WHAT IS BEING ASKED – Repeat the material exactly, leaving no line out.

DATASET EXCERPT: Begin

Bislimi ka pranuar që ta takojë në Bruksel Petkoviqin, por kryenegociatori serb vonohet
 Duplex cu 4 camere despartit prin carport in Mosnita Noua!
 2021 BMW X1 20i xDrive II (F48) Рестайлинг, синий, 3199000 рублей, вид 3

DATASET EXCERPT: End

RESULT OF THE EXERCISE –
Bislimi ka pranuar që ta takojë në Bruksel Petkoviqin, por kryenegociatori serb vonohet
 Duplex cu 4 camere despartit prin carport in Mosnita Noua!
 2021 BMW X1 20i xDrive II (F48) Рестайлинг, синий, 3199000 рублей, вид 3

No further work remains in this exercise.